August 12, 2016, Adrian, Michigan – During a special August 8 Liturgy marking the feast day of their founder, St. Dominic, the Adrian Dominican Sisters formally received Sister Katherine Frazier as a novice.
Sister Katherine will begin her 10-month, canonical period in the Collaborative Dominican Novitiate in St. Louis in mid-August. There, she and two novices from the Dominican Sisters of Peace will experience Dominican community life, prayer, study, and ministry as they discern their call to vowed life.
Sister Katherine, a native of Fort Wayne, Indiana, entered the discernment process with the Adrian Dominican Sisters as a pre-candidate two years ago. During this period, she continued her ministry as director of the Bishop Donald Trautman House at Gannon University in Erie, Pennsylvania, while connecting as often as possible with the Adrian Dominican Sisters.
She formally became a Candidate – entering into full-time discernment with the community – on the Feast of St.
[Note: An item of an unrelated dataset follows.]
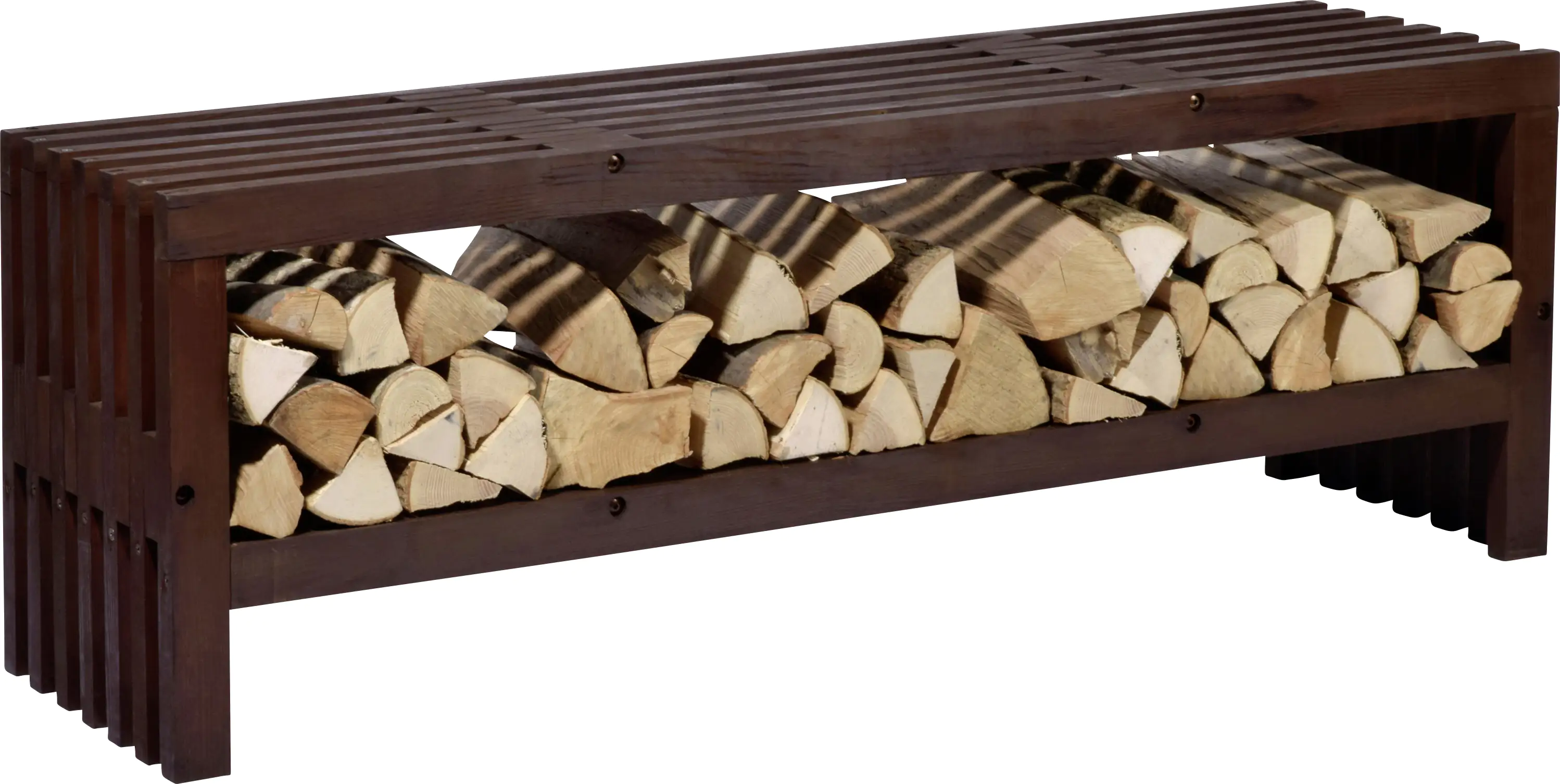 Dobar Gartenbank "Svensson" mit Kaminholzfach kaufen Globus Baumarkt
Dominic in 2015. During this past year, she studied the Congregation’s identity and history and ministered in Adrian and Detroit, Michigan, and in New Orleans.
The older of the two daughters of Lee and Lynne (McKenna) Frazier, Sister Katherine holds a bachelor’s degree from St. Mary’s of Notre Dame, Indiana, and a MPhil in world archaeology from the University of Cambridge in Cambridge, England.
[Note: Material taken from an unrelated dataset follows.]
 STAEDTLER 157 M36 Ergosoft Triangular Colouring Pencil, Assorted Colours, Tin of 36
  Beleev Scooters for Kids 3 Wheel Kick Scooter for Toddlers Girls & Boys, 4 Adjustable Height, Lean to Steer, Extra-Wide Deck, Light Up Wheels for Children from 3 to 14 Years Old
During the Rite of Reception, Sister Patricia Siemen, OP, Prioress of the Adrian Dominican Congregation, formally examined Sister Katherine on her desire to be “received into the Congregation of the Dominican Sisters of Adrian as a novice, and to experience more fully [their] way of life in faithful observance of [their] Rule and Constitution.” Sister Katherine received a copy of the Congregation’s Constitution with the mandate to study and reflect on that document as she continues her mutual discernment with the Congregation.
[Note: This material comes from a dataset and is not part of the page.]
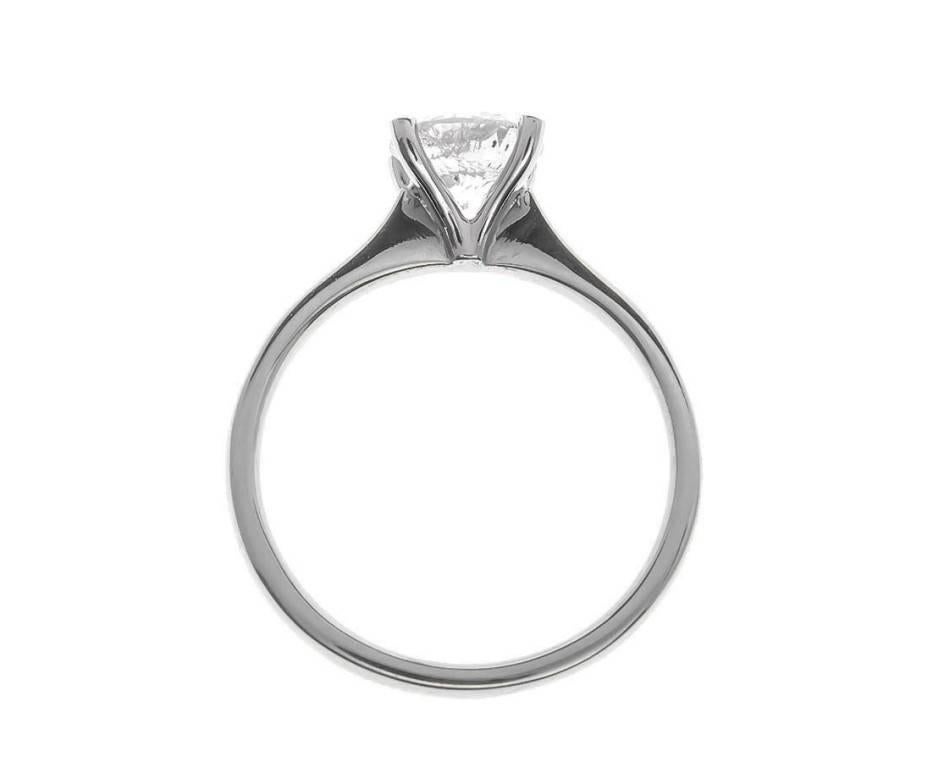 Modern 1.00 Carat Solitaire Diamond Platinum Ring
The Liturgy was also a special celebration of the 800th anniversary of the foundation of the Order of Preachers, more popularly known as the Dominicans. Noting this anniversary in her reflection, Sister Pat described Dominicans as “men and women who for 800 years have been bringing good news to mountain tops and in the city streets.” She speculated that St. Dominic – who had compassionately refuted the heresy of his day that the material world is evil – would want today’s Dominicans to preach “a salvation of liberation, compassionate, and wholeness” and address today’s heresies of individualism and excessive materialism.